Herrmann: Rund 3,5 Millionen Euro mit Schwerpunkt Teutschenthal, Wettin-Löbejün und Landsberg.
Ist das Abwassernetz ähnlich marode wie beim Trinkwasser?
Herrmann: Nein, beim Abwassernetz geht es um Neuerschließungen, wo Bürger noch keinen Anschluss ans zentrale Leitungsnetz haben.
Wie groß ist das Abwassernetz des WAZV insgesamt?
Herrmann: Das sind rund 900 Kilometer.

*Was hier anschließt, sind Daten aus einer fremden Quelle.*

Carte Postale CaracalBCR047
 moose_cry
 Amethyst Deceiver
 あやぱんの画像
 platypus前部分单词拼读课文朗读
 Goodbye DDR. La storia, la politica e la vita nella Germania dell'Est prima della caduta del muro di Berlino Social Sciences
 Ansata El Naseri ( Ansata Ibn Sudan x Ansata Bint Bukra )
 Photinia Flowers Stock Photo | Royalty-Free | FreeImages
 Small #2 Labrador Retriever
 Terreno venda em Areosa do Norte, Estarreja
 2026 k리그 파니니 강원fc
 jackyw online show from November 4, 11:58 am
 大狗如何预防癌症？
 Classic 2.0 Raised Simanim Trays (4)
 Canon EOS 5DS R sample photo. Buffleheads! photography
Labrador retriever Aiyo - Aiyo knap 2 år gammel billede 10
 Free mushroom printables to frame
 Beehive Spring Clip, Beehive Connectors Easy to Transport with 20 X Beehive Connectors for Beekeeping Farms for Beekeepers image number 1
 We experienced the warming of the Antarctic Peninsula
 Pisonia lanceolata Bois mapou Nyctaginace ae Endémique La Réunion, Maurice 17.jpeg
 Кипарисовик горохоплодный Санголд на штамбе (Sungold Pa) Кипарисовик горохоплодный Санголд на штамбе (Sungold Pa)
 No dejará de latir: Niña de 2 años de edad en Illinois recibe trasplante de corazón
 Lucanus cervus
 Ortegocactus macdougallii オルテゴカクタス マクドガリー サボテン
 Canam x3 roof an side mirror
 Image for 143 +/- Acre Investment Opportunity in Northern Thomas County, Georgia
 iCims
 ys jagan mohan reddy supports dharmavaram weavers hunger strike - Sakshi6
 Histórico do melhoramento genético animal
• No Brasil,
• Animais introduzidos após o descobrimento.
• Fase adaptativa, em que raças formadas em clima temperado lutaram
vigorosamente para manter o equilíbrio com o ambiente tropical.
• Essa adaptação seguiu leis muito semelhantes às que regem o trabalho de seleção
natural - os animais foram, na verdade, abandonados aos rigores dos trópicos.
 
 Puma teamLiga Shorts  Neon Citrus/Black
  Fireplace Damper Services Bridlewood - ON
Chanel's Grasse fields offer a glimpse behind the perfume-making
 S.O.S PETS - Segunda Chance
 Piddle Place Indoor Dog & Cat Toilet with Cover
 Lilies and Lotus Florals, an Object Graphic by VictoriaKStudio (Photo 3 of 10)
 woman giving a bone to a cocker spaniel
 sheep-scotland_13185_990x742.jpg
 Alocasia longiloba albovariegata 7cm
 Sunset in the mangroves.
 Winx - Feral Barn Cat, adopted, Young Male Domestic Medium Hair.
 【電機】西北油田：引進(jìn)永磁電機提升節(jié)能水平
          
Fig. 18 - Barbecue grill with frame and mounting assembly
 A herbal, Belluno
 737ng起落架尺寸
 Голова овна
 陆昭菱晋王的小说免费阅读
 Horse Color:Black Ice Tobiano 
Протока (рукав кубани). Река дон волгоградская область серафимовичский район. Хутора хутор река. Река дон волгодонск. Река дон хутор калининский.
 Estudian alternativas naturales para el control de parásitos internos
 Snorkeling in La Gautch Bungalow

Dabei sind Trink- und Abwassernetz nicht deckungsgleich.
In einigen Regionen Sachsen-Anhalts gibt es aktuell großen Streit, weil rückwirkende Anschlussbeiträge erhoben werden. Wollen auch Sie solche Beiträge erheben?
Herrmann: Nein. Bei diesen Beiträgen geht es um Abwasseranschlüsse an ein zentrales Abwassernetz, die vor 1990 gelegt worden sind. Bei uns auf den Dörfern gab es diese zentrale Abwasserentsorgung nicht. Im Prinzip hatte jedes Grundstück eine eigene Klärgrube. Wir haben erst nach der Wende begonnen, ein zentrales Abwassersystem aufzubauen. Für diese Investitionen haben die Bürger bis auf einige Ausnahmen bereits ihre Beiträge bezahlt.